His departure has turned what should have been a moment of political consensus into a public rupture between two people who agree on almost everything except the one issue that keeps recurring in Britain's worst maternity scandals.
Kirkup's complaint is specific. He says investigators working for the review found evidence that so-called normal birth ideology, the institutional preference for vaginal delivery over medical intervention, remained a live problem in some of the twelve trusts examined, and that a significant number of contributors had signed off language reflecting this before it disappeared from the final text. Amos's published conclusion goes the other way: her team did not find that normal birth ideology was currently widespread in the services they visited. Asked to respond to Kirkup directly, she declined to comment. He has said only that she listened to the wrong voices.
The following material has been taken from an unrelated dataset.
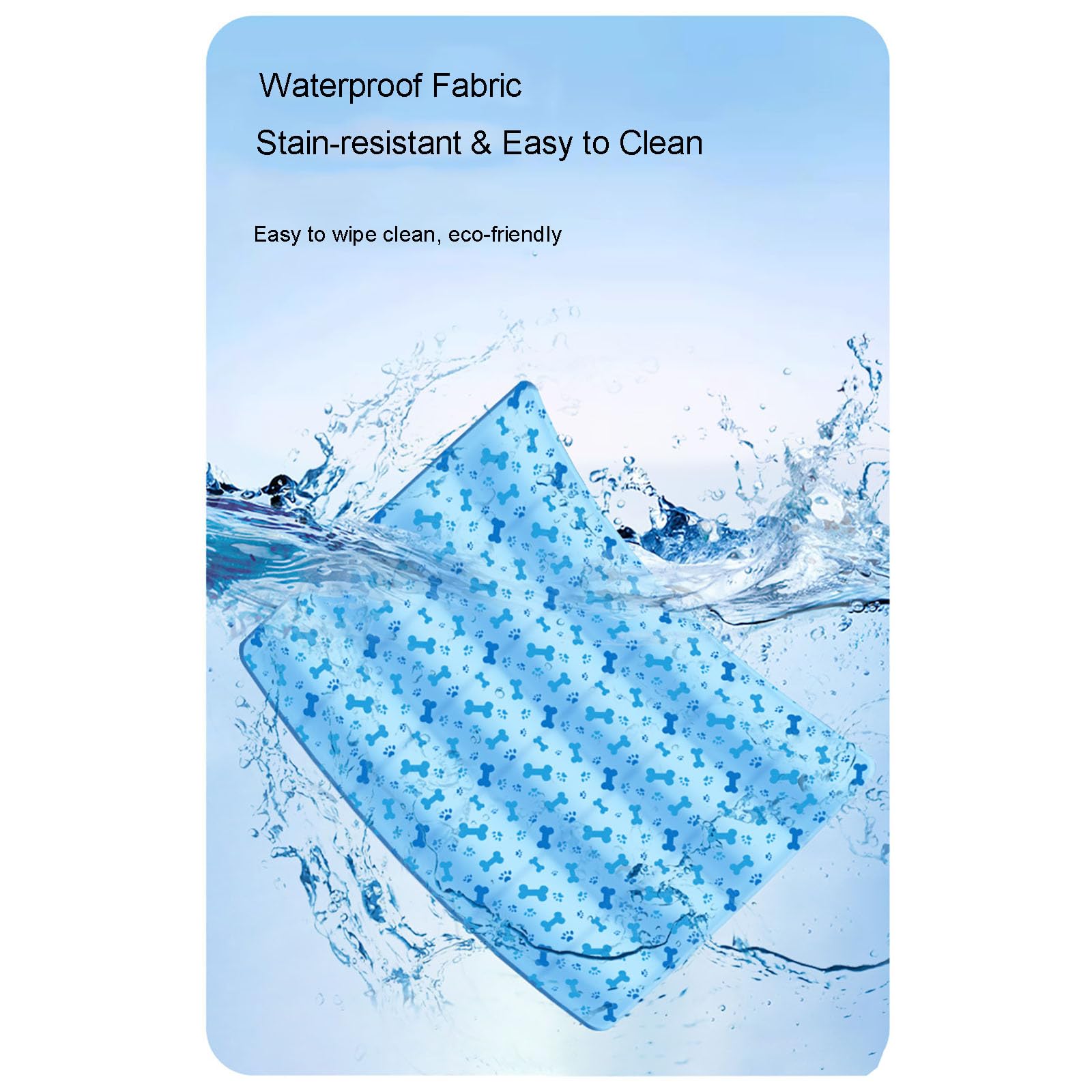 Tappetino Di Raffreddamento per Cani,Tappetino Di Auto-Raffreddamento per Gatto Domestico,Mattasso Non Tossico Di Gel Di Auto-Raffreddamento per Animali Domestici,Portabile Pieghevole (Blue(60x90cm))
Neither side is arguing from nowhere. Over the past 20 years, there has been a significant shift in the demographic demands on maternity care. Rising maternal age and higher rates of obesity mean a larger share of pregnancies now carry genuine clinical complexity, and the same institutional habits that once treated caesarean rates as a target to suppress have proved catastrophic when applied uncritically. In both Morecambe Bay and Shrewsbury, trusts pursued low rates of intervention while infants and mothers perished. That history is precisely why Kirkup's intervention lands as more than a professional disagreement. It reopens a question the NHS has never fully closed.
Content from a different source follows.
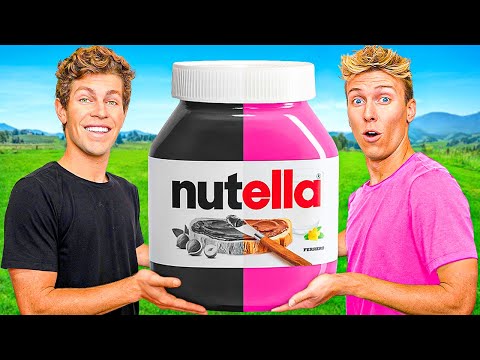 Eating PINK vs BLACK Food Challenge!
Amos's study did not avoid challenges in other areas. It found chronic understaffing, maternity wards operating in unsafe or outdated buildings, racism shaping the quality of care mothers of colour received, and a persistent failure across trusts to act when families raised concerns. These findings, rather than the ideology dispute, form the backbone of the government's response. A complete national plan of action by the end of the year, £41 million for critical safety and infrastructure fixes, and the selection of England's first maternity and neonatal standards commissioner, who will jointly lead a new national task force with the Secretary of State, are all commitments made by Health Secretary James Murray, who has referred to the report as a watershed moment. To prevent women from being disregarded when they most require to be heard, a 24/7 triage line manned by midwives is being implemented.
None of this resolves what Kirkup raised, and that is the uncomfortable part for ministers now moving at pace. A commissioner with genuine authority, new triage standards, and additional capital funding can address staffing gaps and crumbling estates. They cannot settle a cultural argument within the profession about what a safe birth looks like, nor can they compel consensus between camps that have been talking past each other since Morecambe Bay. Donna Ockenden, who led the Nottingham inquiry and is tipped as a possible commissioner herself, has already said the Amos findings taught her nothing new, which is itself a verdict on how long these patterns have been documented and how little has changed in practice.
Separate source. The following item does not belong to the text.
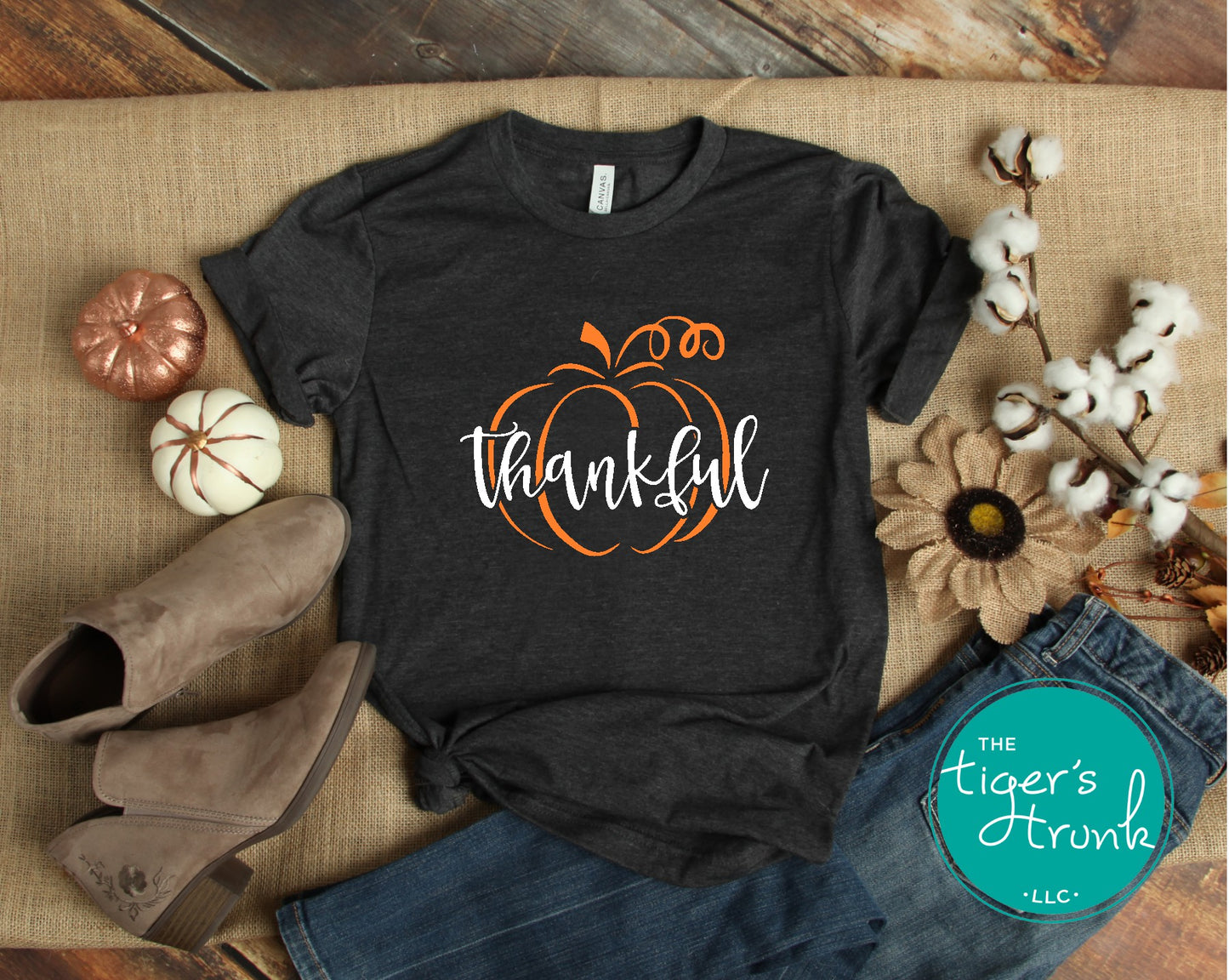 Heather dark gray thankful t-shirt with orange pumpkin and white script text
The government's structural response is credible and, on the evidence of the report's other findings, overdue. But a system that cannot agree internally on why some mothers were denied caesareans they asked for, or whether ideology played any part in that refusal, is not yet equipped to guarantee it will not happen again. Kirkup's departure was not mentioned in passing in the Amos assessment. It was a warning that the review may have answered the wrong question.